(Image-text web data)
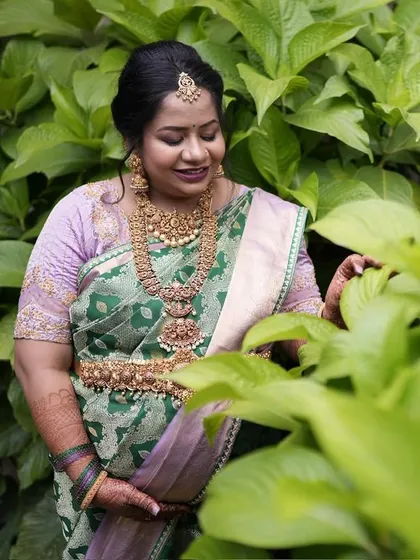 Another beautiful angle of Pavithra's baby shower look, showcasing the intricate patterns and rich texture of the handwoven silk.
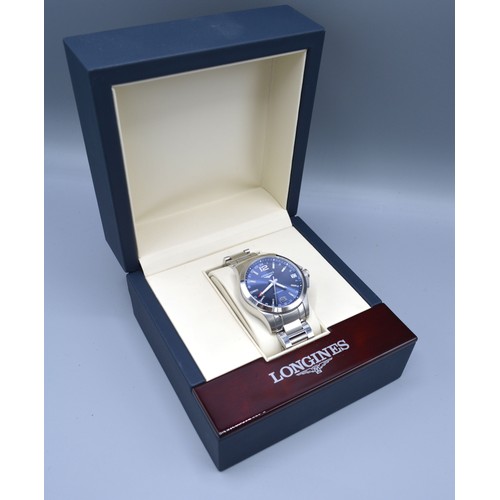 208 - A Longines Conquest Stainless Steel Cased Gentleman's Wrist Watch, the blue dial with date aperture ... 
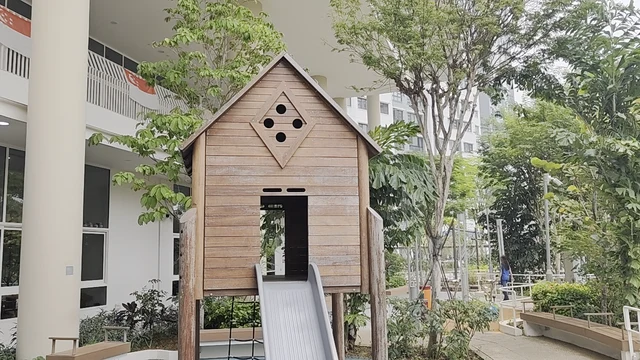 An outdoor play area features a wooden playhouse with a grey slide, situated on a paved surface surrounded by lush greenery and trees. a white building with large windows and a balcony is visible, while a wooden bench and white railings line a pathway. The scene is bathed in natural daylight, creating a serene and inviting atmosphere for children to play.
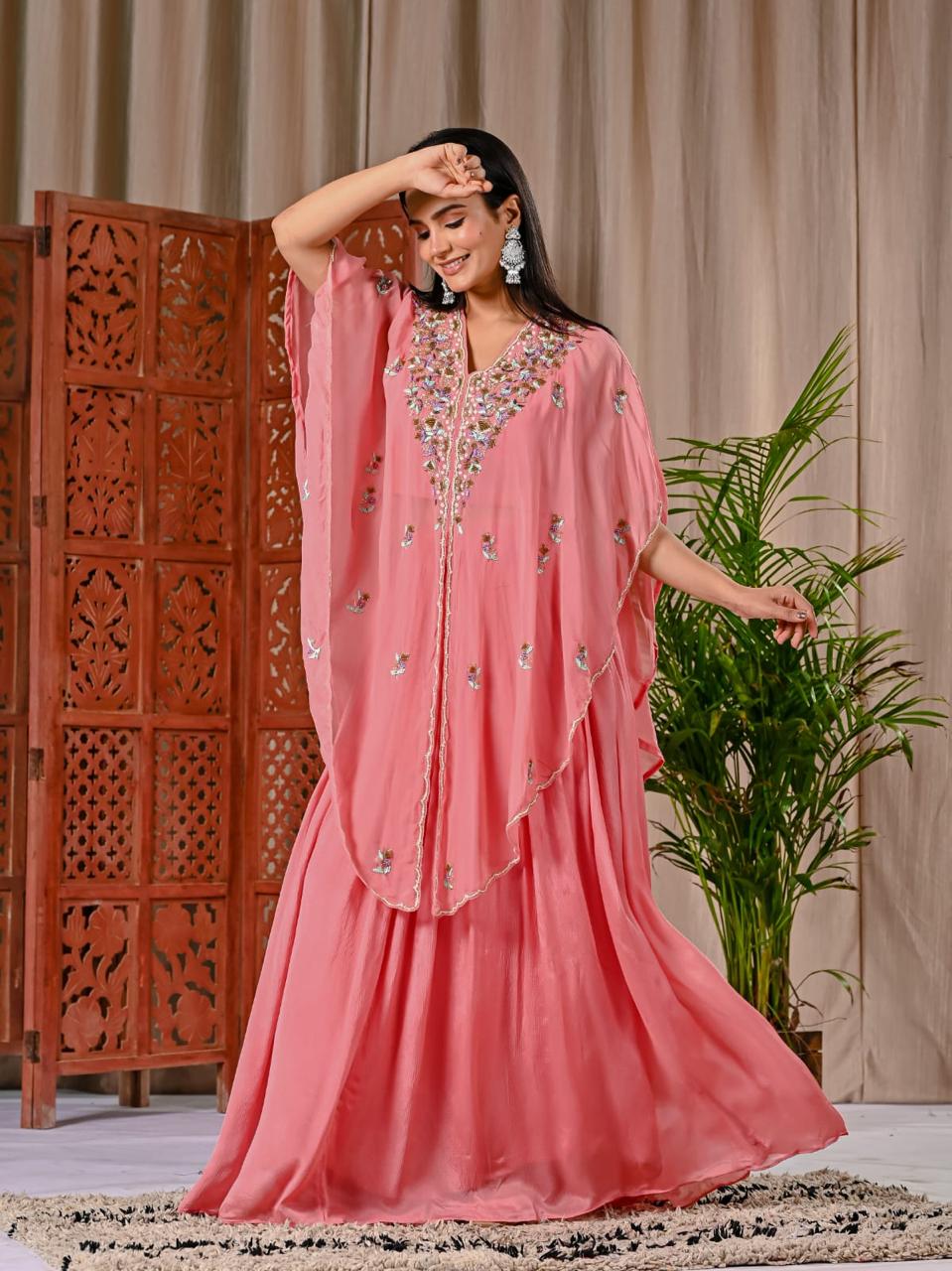 Pretty peach chinon skirt paired with a blouse and a handwork organza jacket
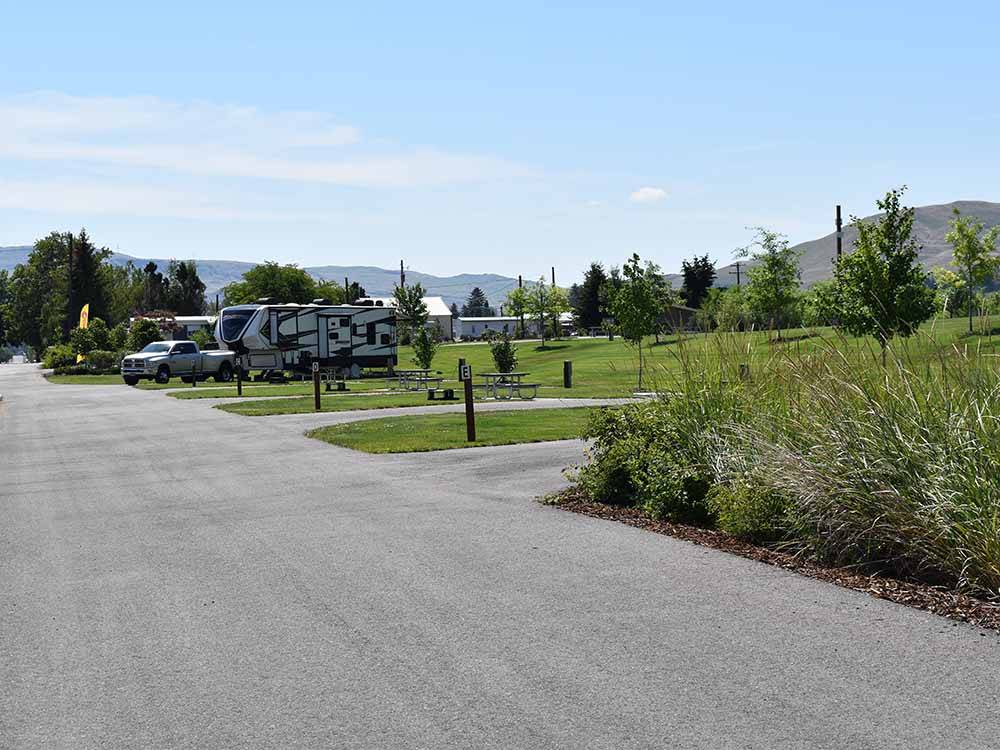 A row of empty paved RV sites at CONKLIN LANDING RV PARK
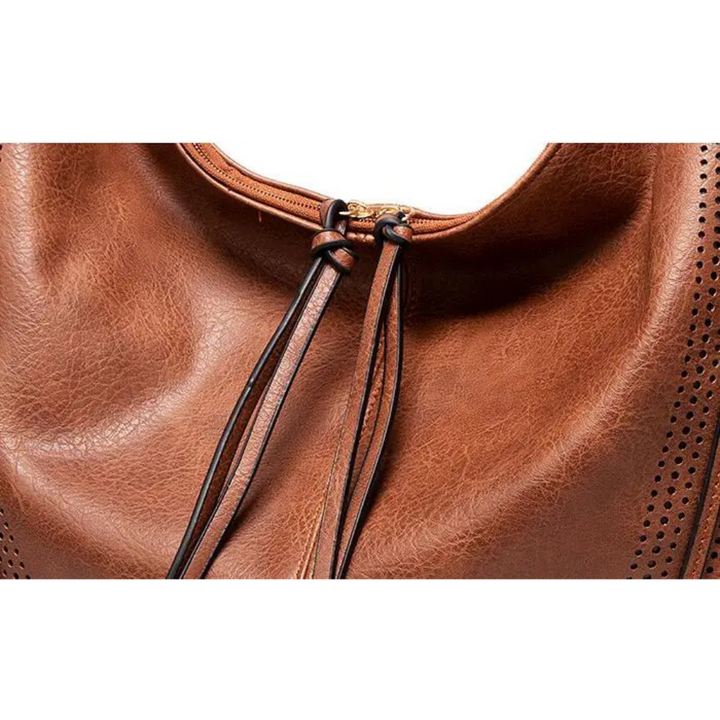 Borsa a tracolla da donna, pratica e spaziosa, con design moderno in velluto a coste e nappine decorative.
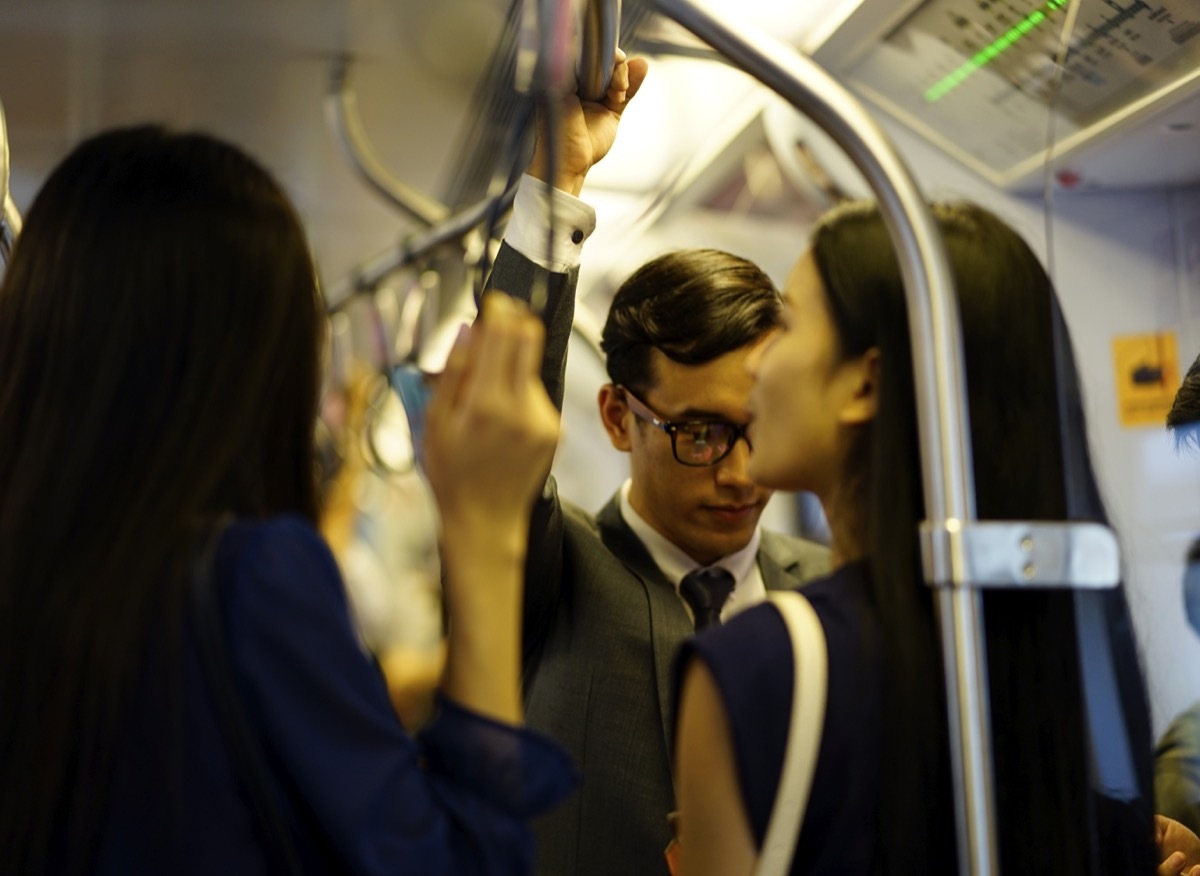 young asian people handing onto public transportation railing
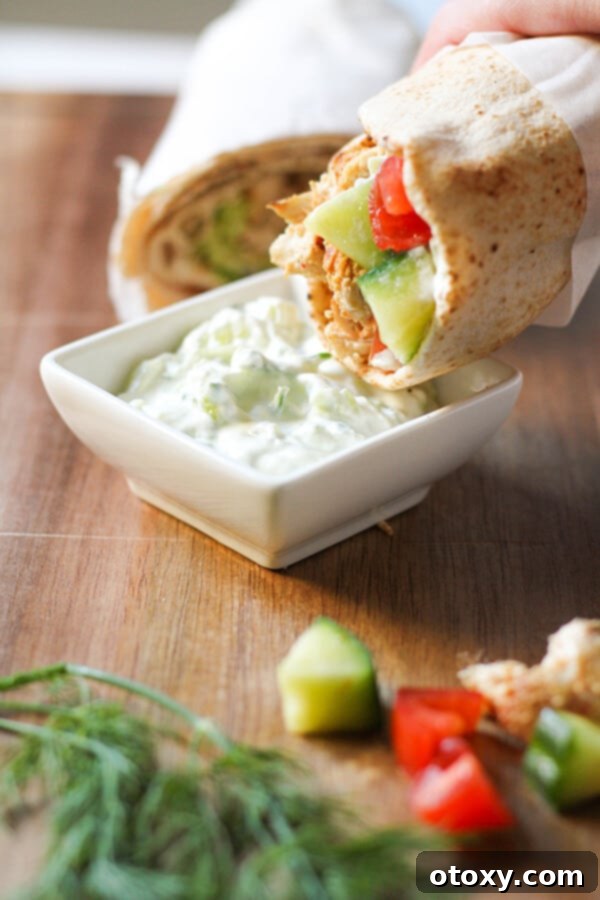 Hand dipping a chicken gyro wrap into a bowl of creamy tzatziki sauce.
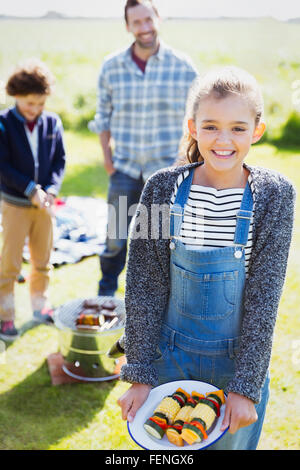 Portrait of smiling girl avec des brochettes de légumes ensoleillés au camping Banque D'Images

__WORK REQUIRED__. Could you reproduce exactly, and only, the lines from the one containing "young asian people" through the end of the records above, both included, while leaving out the pictures?

__RESULT OF THIS EXERCISE__.
 young asian people handing onto public transportation railing
 Hand dipping a chicken gyro wrap into a bowl of creamy tzatziki sauce.
 Portrait of smiling girl avec des brochettes de légumes ensoleillés au camping Banque D'Images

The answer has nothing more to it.